There's also another book by the same author, 'The Warren Buffett Way' where most of the contents overlap.
Luck & Fortune Favours those who are Prepared & Decisive when Opportunity Knocks
------------ 知己知彼 ,百战不殆 ;不知彼 ,不知己 ,每战必殆 ------------
Reply
#4
(26-07-2012, 11:29 AM)KopiKat Wrote: Hmm... Maybe I should go read again. Went to check and only have very brief notes made,

Chapter 3 (Page 47 - 76)

Essential Graham
- A true investment is that which thorough analysis shows will offer both safety of principal and a satisfactory return. Anything less is speculation.
- When a stock is priced well below its intrinsic value, a margin of safety automatically exists.

Essential Fisher
- Investment success depends on finding companies that can sustain above-average growth, in both sales and profits, over a period of several years. Short-term results are deceptive.
- Superior management is the key to superior market performance.
- Owning a few outstanding companies is better than owning a large number of average ones. Among other advantages, it simplifies your research time.

Essential Munger
- Look for companies that generate high cash earnings and require low capital expenditures.
- It is far better to pay a fair price for a geat company than a great price for a fair company.

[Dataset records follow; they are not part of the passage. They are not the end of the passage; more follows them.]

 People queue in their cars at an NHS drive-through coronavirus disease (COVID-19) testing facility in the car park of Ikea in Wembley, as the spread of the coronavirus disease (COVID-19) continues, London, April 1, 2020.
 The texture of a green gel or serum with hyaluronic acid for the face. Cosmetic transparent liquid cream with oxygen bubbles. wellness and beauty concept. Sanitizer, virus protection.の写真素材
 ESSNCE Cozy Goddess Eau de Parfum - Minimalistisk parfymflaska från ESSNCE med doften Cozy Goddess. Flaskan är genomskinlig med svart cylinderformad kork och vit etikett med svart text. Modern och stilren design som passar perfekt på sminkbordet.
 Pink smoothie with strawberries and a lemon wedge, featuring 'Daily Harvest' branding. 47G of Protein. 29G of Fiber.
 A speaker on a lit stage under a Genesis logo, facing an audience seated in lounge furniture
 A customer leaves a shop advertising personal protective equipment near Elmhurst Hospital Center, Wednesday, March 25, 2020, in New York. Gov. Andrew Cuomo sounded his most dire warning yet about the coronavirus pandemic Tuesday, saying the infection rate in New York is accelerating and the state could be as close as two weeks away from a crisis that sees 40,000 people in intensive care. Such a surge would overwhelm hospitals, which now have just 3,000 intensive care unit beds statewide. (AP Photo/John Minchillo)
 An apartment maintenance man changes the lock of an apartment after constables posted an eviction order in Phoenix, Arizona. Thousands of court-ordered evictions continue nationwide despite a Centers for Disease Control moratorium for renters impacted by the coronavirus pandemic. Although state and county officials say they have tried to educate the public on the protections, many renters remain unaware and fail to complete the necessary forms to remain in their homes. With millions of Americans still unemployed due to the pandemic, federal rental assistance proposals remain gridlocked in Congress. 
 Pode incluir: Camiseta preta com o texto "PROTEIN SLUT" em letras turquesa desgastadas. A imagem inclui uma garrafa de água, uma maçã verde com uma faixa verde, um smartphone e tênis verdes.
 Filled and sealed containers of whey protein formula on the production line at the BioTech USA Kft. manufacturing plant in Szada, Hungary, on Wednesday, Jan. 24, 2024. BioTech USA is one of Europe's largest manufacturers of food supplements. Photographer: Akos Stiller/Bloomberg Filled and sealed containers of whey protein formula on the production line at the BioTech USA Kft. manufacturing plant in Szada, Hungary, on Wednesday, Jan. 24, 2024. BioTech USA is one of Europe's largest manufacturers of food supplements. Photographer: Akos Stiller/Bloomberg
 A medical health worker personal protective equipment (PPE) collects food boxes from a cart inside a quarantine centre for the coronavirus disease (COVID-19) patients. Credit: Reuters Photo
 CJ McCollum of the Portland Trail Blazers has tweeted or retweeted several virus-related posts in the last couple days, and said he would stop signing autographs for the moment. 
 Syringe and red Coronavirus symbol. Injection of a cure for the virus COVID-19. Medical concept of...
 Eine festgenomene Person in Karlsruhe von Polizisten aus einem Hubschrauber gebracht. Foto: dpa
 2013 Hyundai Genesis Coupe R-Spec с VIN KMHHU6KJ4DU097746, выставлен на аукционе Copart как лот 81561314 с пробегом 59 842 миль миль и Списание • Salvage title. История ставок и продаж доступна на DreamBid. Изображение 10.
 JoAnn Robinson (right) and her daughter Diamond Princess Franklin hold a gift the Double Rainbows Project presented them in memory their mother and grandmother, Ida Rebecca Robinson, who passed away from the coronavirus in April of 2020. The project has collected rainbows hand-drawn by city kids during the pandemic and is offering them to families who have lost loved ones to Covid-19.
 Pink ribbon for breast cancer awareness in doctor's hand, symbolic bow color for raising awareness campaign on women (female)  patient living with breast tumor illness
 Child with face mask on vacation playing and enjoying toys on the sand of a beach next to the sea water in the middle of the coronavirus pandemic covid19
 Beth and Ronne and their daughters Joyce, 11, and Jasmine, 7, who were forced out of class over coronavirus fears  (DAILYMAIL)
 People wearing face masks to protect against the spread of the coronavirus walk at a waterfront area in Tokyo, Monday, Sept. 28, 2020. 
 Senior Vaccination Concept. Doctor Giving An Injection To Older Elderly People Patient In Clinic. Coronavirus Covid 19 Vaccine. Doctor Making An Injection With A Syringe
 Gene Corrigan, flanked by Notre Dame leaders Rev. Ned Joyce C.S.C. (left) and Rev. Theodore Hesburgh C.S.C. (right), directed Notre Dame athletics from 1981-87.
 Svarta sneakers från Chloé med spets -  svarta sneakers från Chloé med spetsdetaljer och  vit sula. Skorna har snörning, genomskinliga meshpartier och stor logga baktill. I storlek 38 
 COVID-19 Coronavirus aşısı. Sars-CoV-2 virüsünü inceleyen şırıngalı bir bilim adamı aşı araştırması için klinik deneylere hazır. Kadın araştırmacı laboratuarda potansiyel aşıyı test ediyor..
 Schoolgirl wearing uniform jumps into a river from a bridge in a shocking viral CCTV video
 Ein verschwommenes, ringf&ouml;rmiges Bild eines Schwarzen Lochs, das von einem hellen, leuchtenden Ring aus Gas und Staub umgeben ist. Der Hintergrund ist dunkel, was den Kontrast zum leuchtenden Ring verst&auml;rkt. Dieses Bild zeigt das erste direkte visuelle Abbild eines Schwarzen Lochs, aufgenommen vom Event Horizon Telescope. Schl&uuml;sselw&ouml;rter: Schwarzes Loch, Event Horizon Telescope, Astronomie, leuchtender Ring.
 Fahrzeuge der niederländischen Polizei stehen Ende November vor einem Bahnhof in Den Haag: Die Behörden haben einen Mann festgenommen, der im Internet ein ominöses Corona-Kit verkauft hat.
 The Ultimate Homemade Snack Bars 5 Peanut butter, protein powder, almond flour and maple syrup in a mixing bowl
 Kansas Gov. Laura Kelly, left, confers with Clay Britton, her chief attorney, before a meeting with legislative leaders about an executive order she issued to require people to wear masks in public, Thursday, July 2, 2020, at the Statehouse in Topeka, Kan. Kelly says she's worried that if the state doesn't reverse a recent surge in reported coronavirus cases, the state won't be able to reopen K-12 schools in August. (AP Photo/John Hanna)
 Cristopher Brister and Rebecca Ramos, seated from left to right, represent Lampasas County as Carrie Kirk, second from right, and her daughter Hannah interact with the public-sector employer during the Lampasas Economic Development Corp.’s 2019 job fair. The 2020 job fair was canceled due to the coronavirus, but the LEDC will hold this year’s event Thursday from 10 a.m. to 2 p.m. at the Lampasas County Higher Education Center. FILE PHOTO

There's also another book by the same author, 'The Warren Buffett Way' where most of the contents overlap.

I had read both, there are some overlap, but i would say not most. This book provides extra "info" vs typical Buffett's book.

If interested, the book is available in public library (332.6 HAG)
“夏则资皮,冬则资纱,旱则资船,水则资车” - 范蠡
Reply
#5
Buffett worked very hard, is very shrewd, was lucky (we all need some of that), and was able to parlay great early wins into a fortune with some fantastic contacts... Yes, investment is well-assisted with his rolodex of CEO's and academics who can offer an insight through a phone call. While not insider trading, i'd never suggest that, there's just not many moves that would come as a surprise to ol' Wazza.